Poseł Grzegorz Kurczuk (SLD) interweniuje w Warszawie w sprawie gwałtu w policyjnej izbie zatrzymań. Minister MSWiA sprawę bagatelizuje.
Wkrótce po fatalnym zdarzeniu w izbie zatrzymań, Grzegorz Kurczuk - były minister sprawiedliwości - napisał do Janusza Kaczmarka, ministra Spraw Wewnętrznych i Administracji. "Nie wiem jakie tragedie ludzkie muszą się wydarzyć w lubelskim garnizonie, aby (minister) zechciał wnikliwie przyjrzeć się skali bezradności kadry dowódczej Komendy Wojewódzkiej Policji w Lublinie” - stwierdza poseł i dopytuje: "czy Warszawa wie o problemach kadry dowódczej z zarządzaniem i dyscypliną w lubelskim garnizonie oraz czy w związku z tym będą zmiany?”
Kaczmarek uspakaja: Kierownictwo policji "wnikliwie bada wszelkie zaistniałe sytuacje”. Zarzuty, co do braku dyscypliny i bezradności dowódców są "nieuzasadnione, a jedynie oparte na podstawie incydentalnych przypadków, mających odzwierciedlenie medialne.”
Minister dodaje, że przez ostatnie trzy lata liczba zdarzeń z udziałem lubelskich policjantów spada (danych nie podał) co jest dowodem na dobre działanie dowódców. W 2006 roku w całej Polsce nie było zgłoszeń o gwałtach dokonanych przez funkcjonariuszy na policyjnych izbach zatrzymań.

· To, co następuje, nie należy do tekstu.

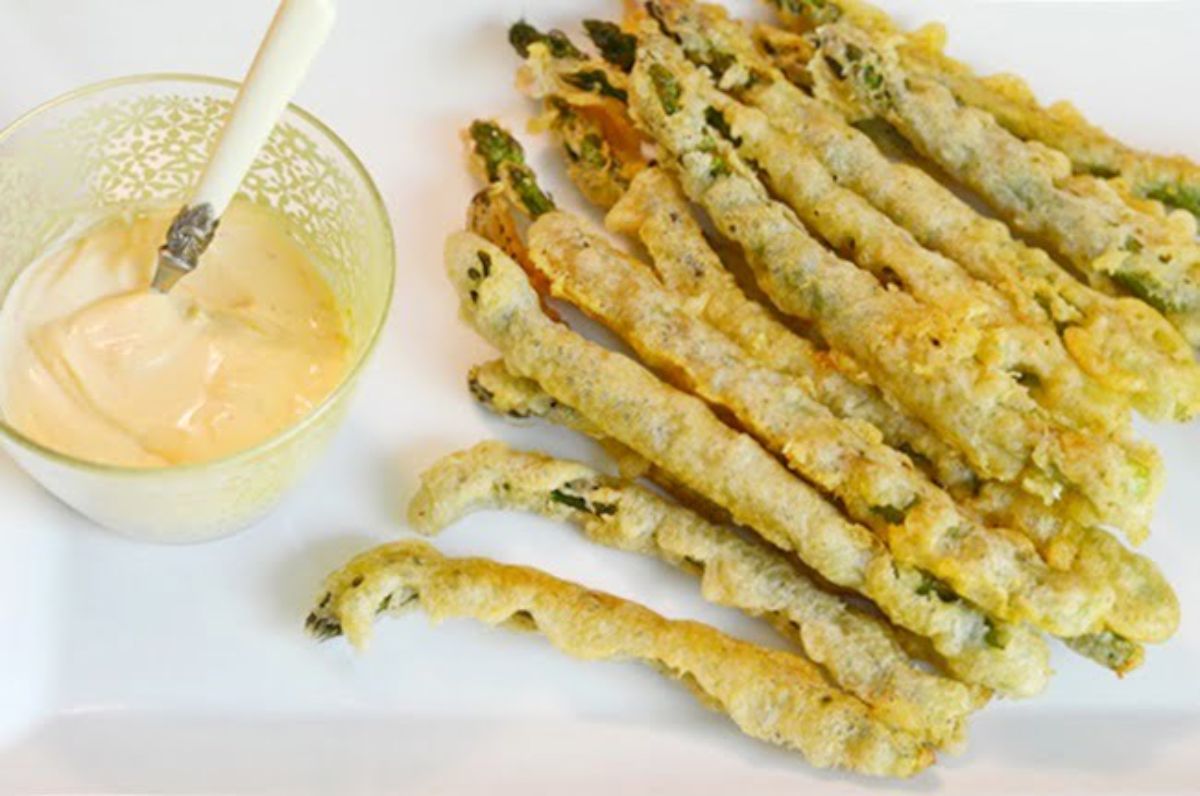 Crispy fried asparagus with a spicy dipping sauce in a bowl on a white tray.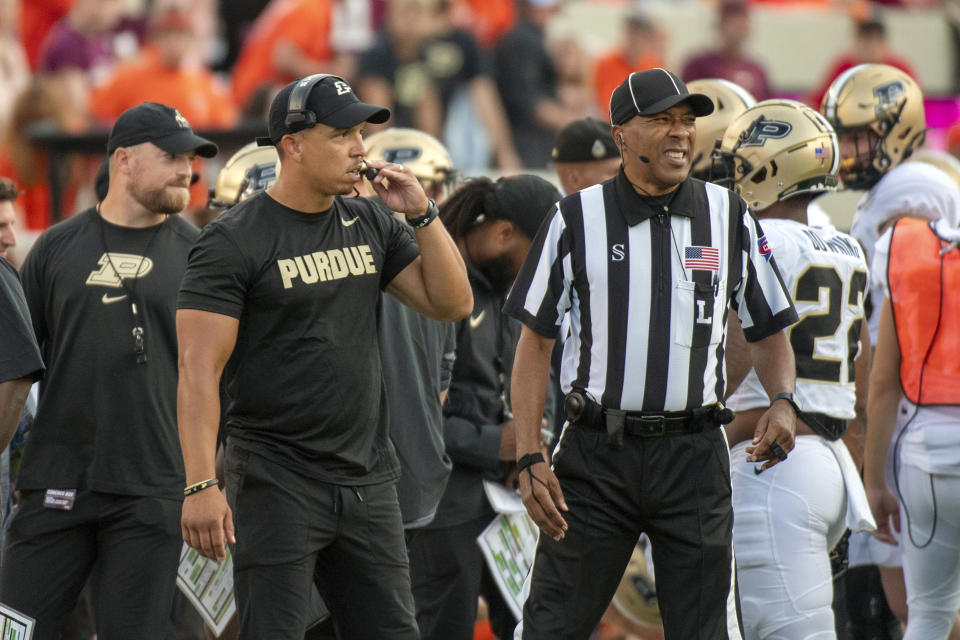 Purdue head coach Ryan Walters, second from left, watches from the sidelines during an NCAA college football game against Virginia Tech, Saturday, Sept. 9, 2023, in Blacksburg, Va. (AP Photo/Robert Simmons)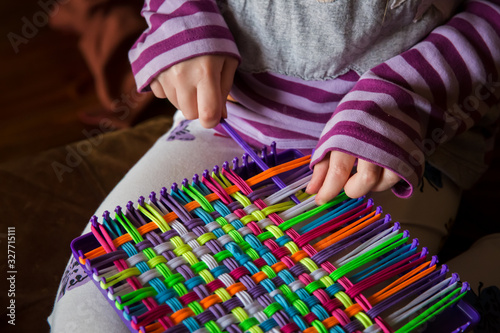 Child weaving potholder on plastic loom photo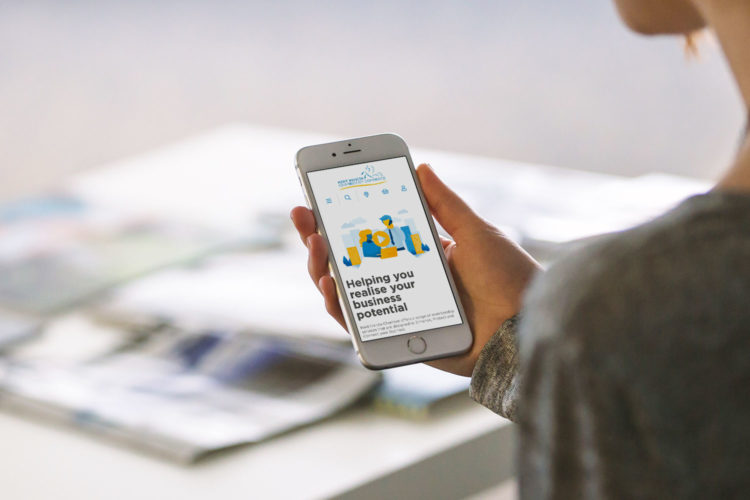 Custom WordPress and WooCommerce eCommerce website for Kent Invicta Chamber of Commerce shown on an iPhone by Supersonic Playground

- Niepokoi mnie podejście ministra. Nie chcę nikomu dokopać, tylko zwrócić uwagę na problem. Pewnie wybiorę się osobiście porozmawiać z ministrem Kaczmarkiem - zapowiada Grzegorz Kurczuk.
Sytuację w lubelskiej policji ostro skrytykował poseł Janusz Palikot (PO). Też domagał się interwencji Komendy Głównej Policji. Oprócz sprawy gwałtu przypomniał inne incydent: libacje alkoholową w Komendzie Miejskiej Policji w Lublinie, samobójstwa dwóch funkcjonariuszy, molestowanie gimnazjalistek przez policjanta i strażnika miejskiego.